How to Establish a Panel of Preferred Law Firms: 7 Best Practices for In-House Legal Teams

How to establish a panel of preferred law firms

Establishing a panel can be a powerful tool for streamlining your legal operations — and getting better work from your law firms in the process.

PERSUIT’s Legal Advisory Team has worked with several in-house teams on panel projects in recent months. As we’ve seen in those projects, there are a few steps you can take to set yourself up for success when establishing a panel.

Here are seven best practices our team recommends when establishing a panel of preferred law firms.

Want to know more about how to improve your legal operations? PERSUIT is how leading in-house legal teams make data-driven decisions when engaging and working with law firms. Learn more about PERSUIT.

1. Define your objectives

A panel is a tool and the first critical aspect that should be understood is what objectives your organization is looking to achieve. For example, the goal may be identifying and establishing a set of firms with the expertise and experience in a particular practice area, jurisdiction, or scope.

It is also vital to establish a project team of internal stakeholders. This may include internal attorneys, legal operations, and procurement if necessary. Ensure your stakeholders are aligned on the panel objectives at the outset.

2. Define the scope of the panel

The next step is defining the scope of your panel. It is crucial that you have a thorough understanding of your own work to ensure that you are able to best inform and instruct the potential panel firms on your outside counsel needs.

Providing firms with context for your panel, such as the team and work structure for your legal needs, the nature of matters, historical or projected volume, as well as expectations for the panel firms, are vital. It is also important to understand the current landscape, the firms currently being used, how the work is allocated across outside counsel, and what policies, procedures, and internal architecture is in place that may impact the implementation of a panel.

3. Structure the panel

The next step is to start thinking about the structure of the panel. Once your organization has a firm grasp of the current landscape and what you expect to achieve and improve by establishing a panel, it is time to build out the structure of the engagement.

Defining your panel structure enables your organization to ensure that the panel structure is tailored to your organization’s objectives and scope. It also empowers you to compare and contrast the potential outside counsel providers.

This is your opportunity to define exactly what you need from your providers. While the best practice is to never limit your discounts, don’t be afraid to really hone in on additional value adds, such as accessibility to a hotline, free consultations, or a commitment to a free secondment!

Some key things to consider could be:

  • What pricing structures do you want to capture?
    • Baseline expectations are hourly rates by title or timekeeper
    • Value-added services
    • Volume discount structures
    • Alternative panel pricing models
  • What is the desired length of engagement?
  • How do you want to segment your panel engagements?
    • What are the practice areas?
    • What are the jurisdictions?
    • What are the currencies?
    • What level of granularity do you want in the timekeeper rates?
    • What law firm tier groups do you have?
  • What are the key considerations and other qualitative aspects that are crucial for your organization to assess and evaluate potential firms?
    • Key team members or relationship partners
    • Expertise in that specific area
    • Capacity and capability to cover the work
    • Project management and technology capabilities

4. Set measurable and actionable targets and evaluation criteria

Once you’ve established the baseline framework, it is time to go back and identify key evaluation metrics to guide your assessment and selection of firms for the panel.

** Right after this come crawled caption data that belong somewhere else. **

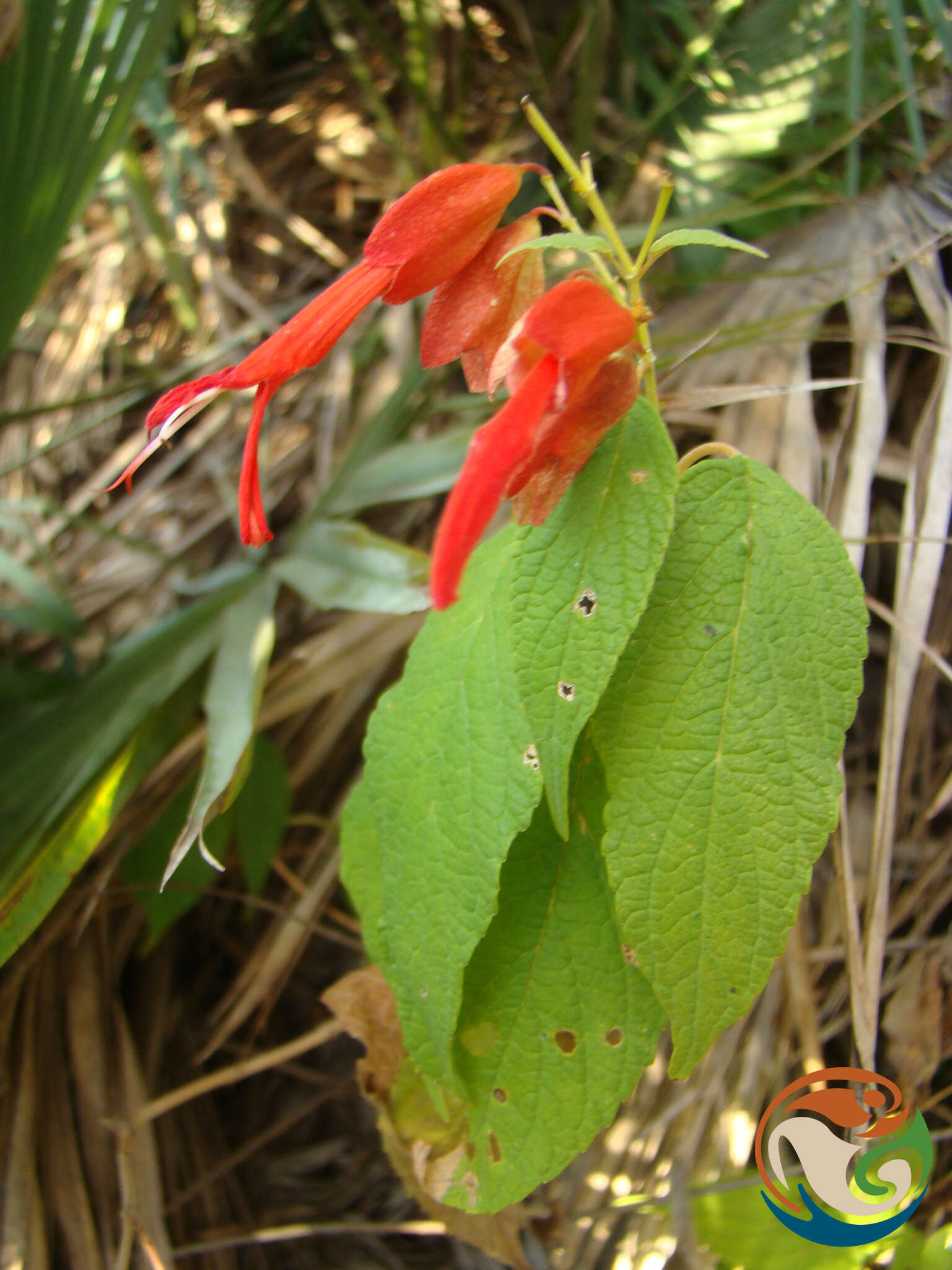 Image of Salvia sessei Benth.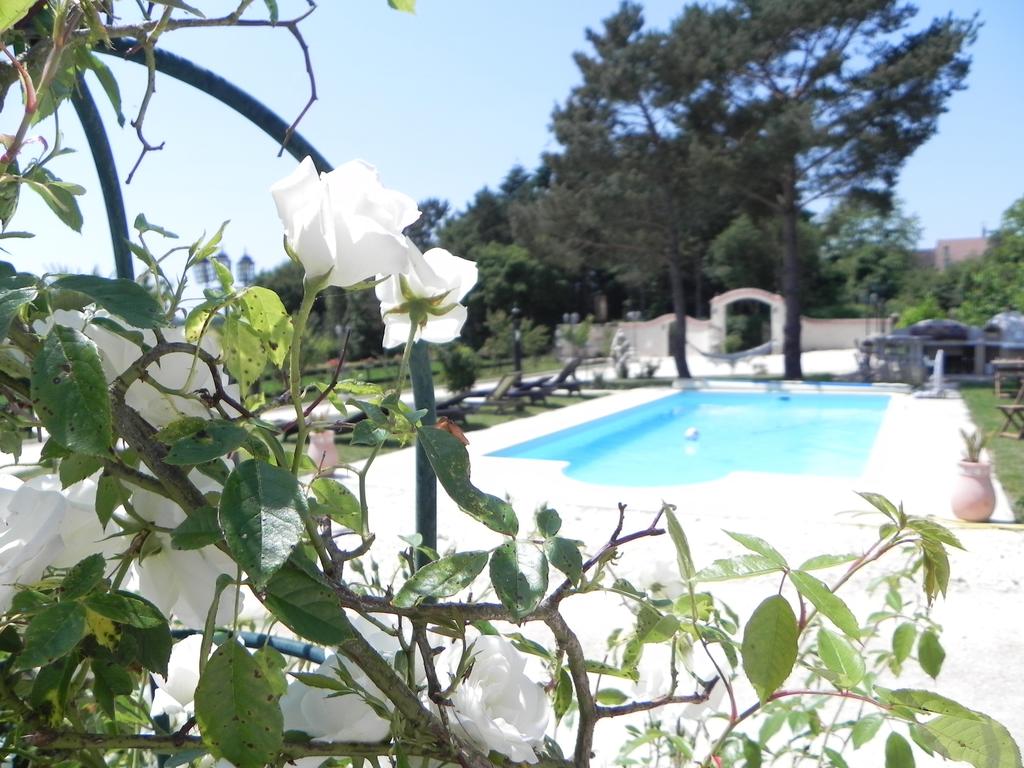 A tranquil outdoor area is visible, featuring a swimming pool surrounded by sun loungers and natural greenery. White roses in the foreground add a touch of color, while tall trees offer shade in the background, enhancing the peaceful ambiance of the space.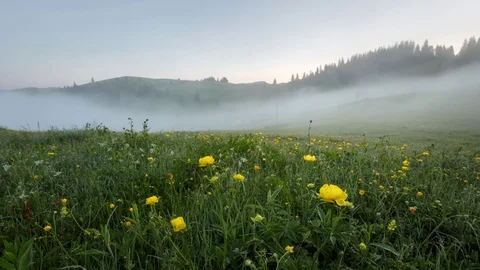 Fog over the meadow Stock Footage 129592586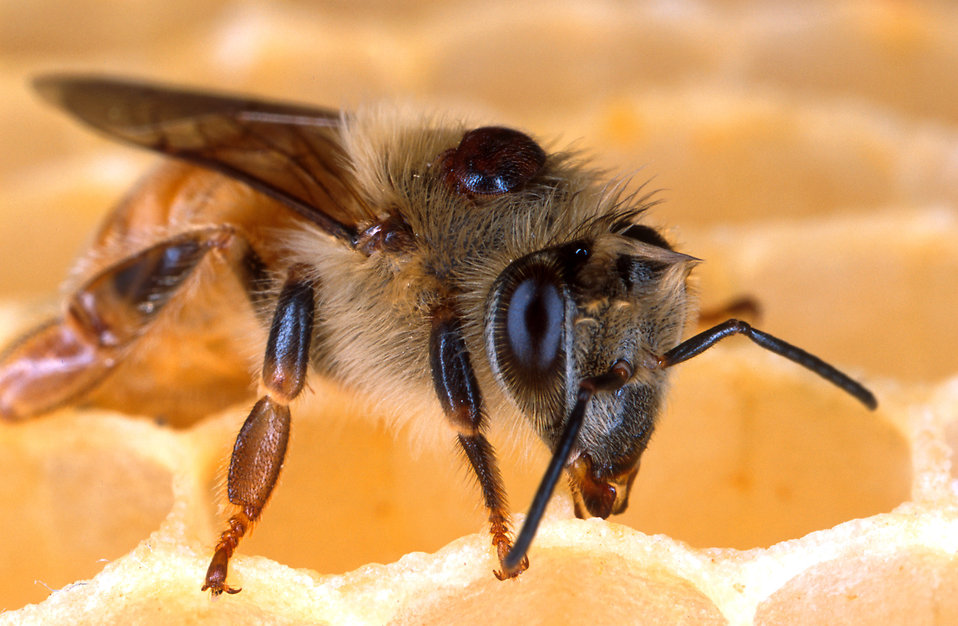 Bee reproduction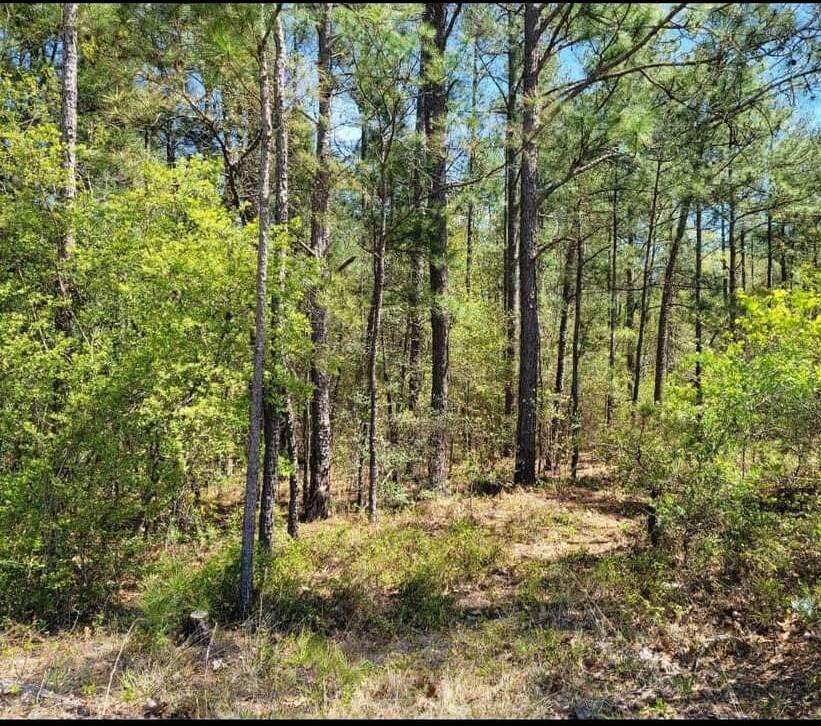 O Breeze Hill Road - Photo 1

The goal of this exercise should be to outline the most important factors for the selection of your outside counsel panel firms.

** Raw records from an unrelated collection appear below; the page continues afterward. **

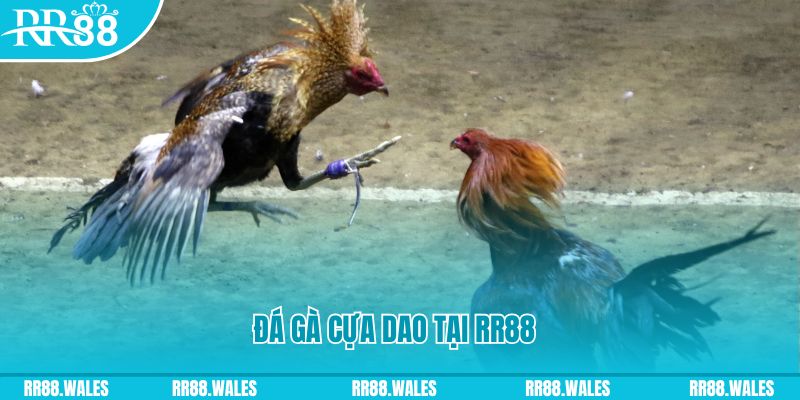 qh99 đăng nhập nổ hũ dễ thắng
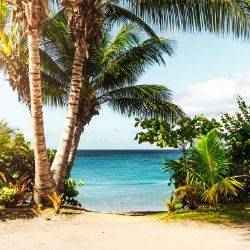 Coconut tree on beach
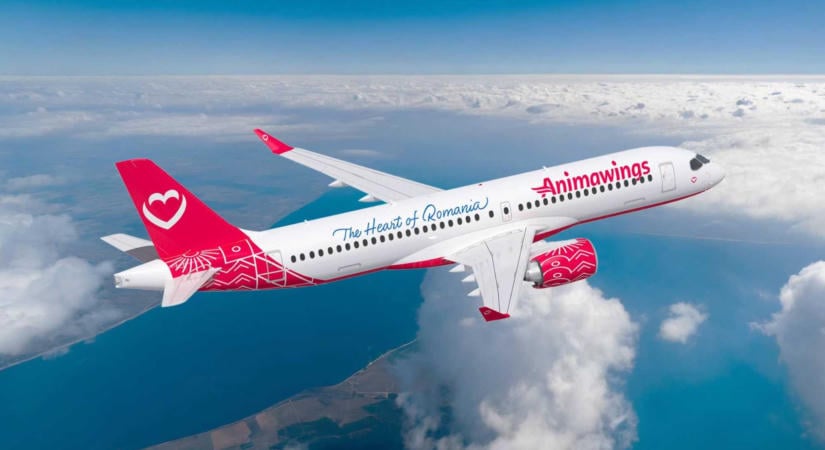 Fizetésképtelenné vált az Anima Wings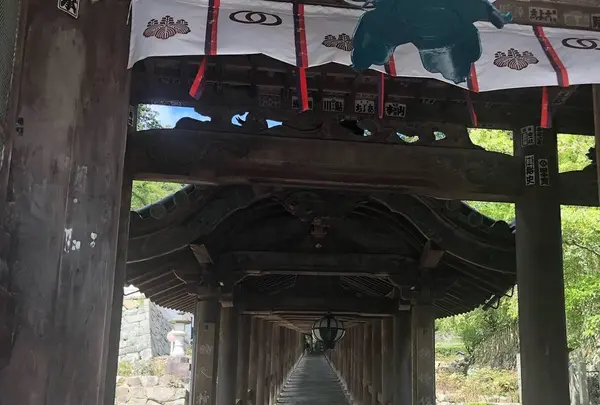 長谷寺の写真・動画_image_644963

These metrics and evaluation criteria should align with the objectives set forth above as well as any larger organizational or company-wide goals.

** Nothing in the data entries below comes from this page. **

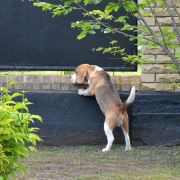 SELESTA'S DREAMS SHIMMER MY DARLING JOY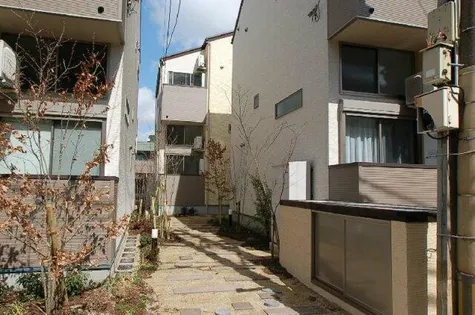 アプリコットの画像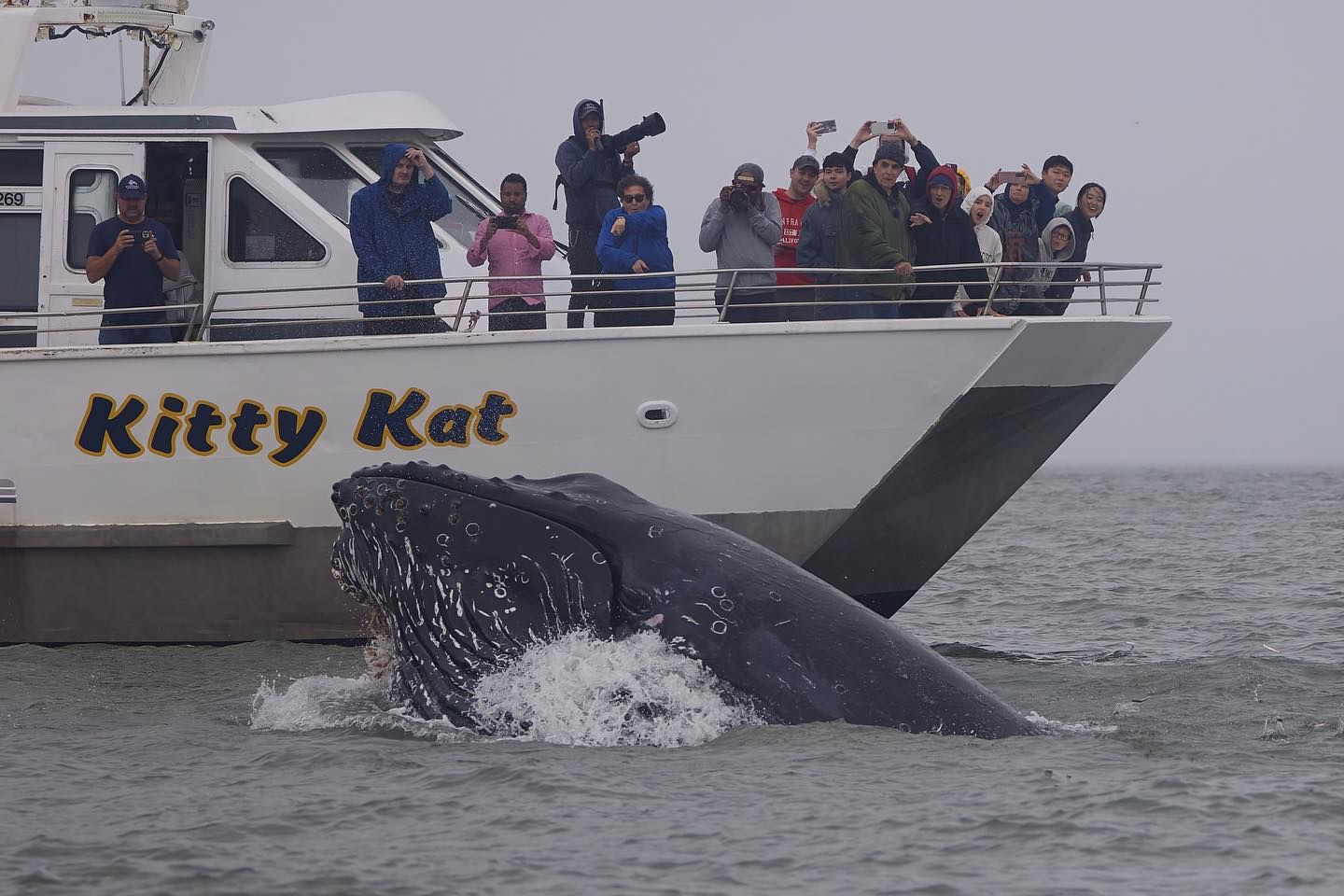 san-francisco-whalewatching-2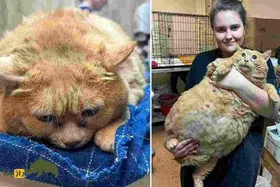 عکس |‌ مرگ کراشیک؛ چاق‌ترین گربه جهان با ۱۷ کیلو وزن در سن ۱۳ سالگی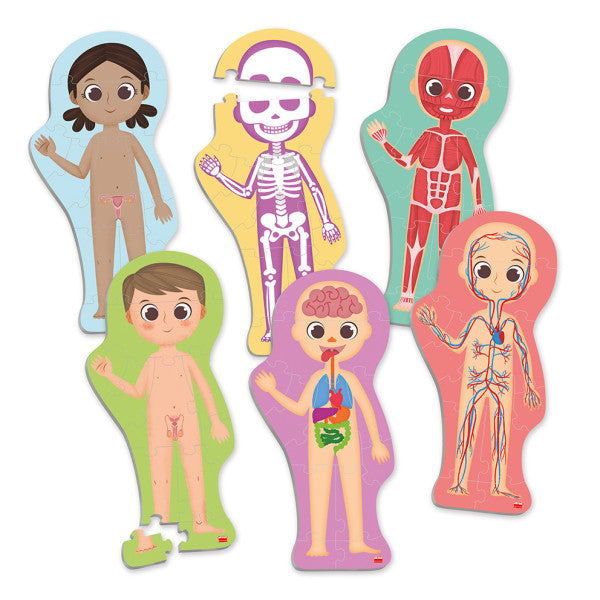 Maxi-puzle Descubre e identifica el cuerpo humano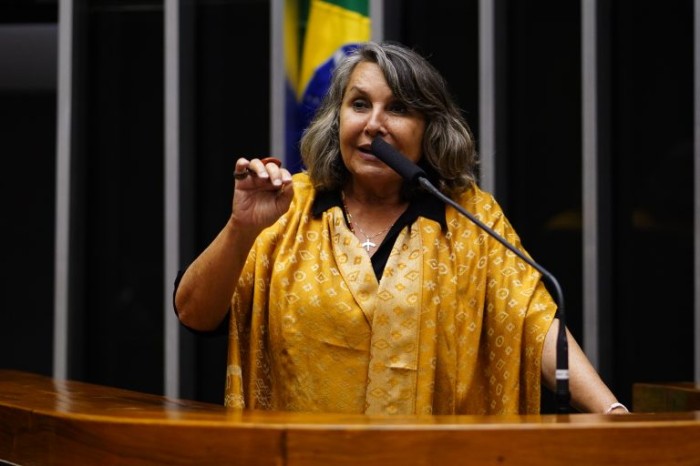 Comissão de Legislação Participativa debate projeto Defensorias Populares, do Piauí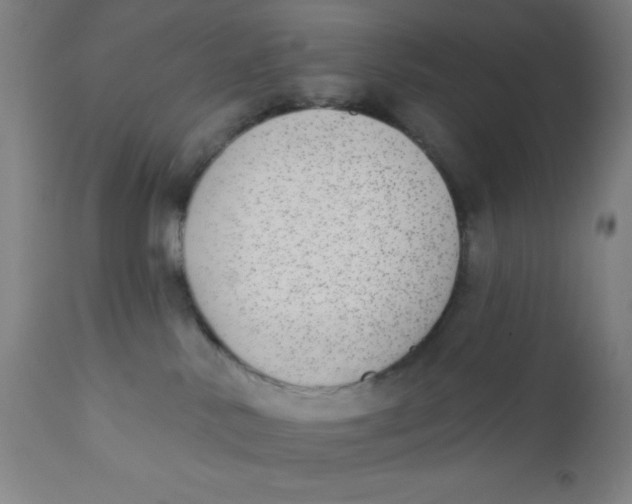 X0000110720042200907022056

Example evaluation criteria:

  • Competitiveness of rates
  • Jurisdictional coverage
  • Practice area coverage
  • Expertise and bench strength
  • DEI and ESG KPIs

5. Operationalize your panel and work on change management

Once you’ve decided to establish a panel, you’ll need to set a framework or business guidelines for how and when work will be offered to the panel firms. Some questions to ask during this process are:

  • For which matters can the engaging attorney single source a panel firm? For example, you may empower your team to single source matters that are under $20K in expected spend and require a turnaround of 2-3 days.
  • For which matters should the engaging attorney run a matter-level RFP process? For example, you could decide that matters over $50K in expected spend, have unique complexity, or an unfamiliar jurisdiction should go through an RFP.
  • If applicable, how will active or legacy matters be transitioned to new panel members?

Ensure that engaging lawyers are bought into this framework, that it aligns with your panel objectives, and that your internal matter intake systems and processes would enable execution.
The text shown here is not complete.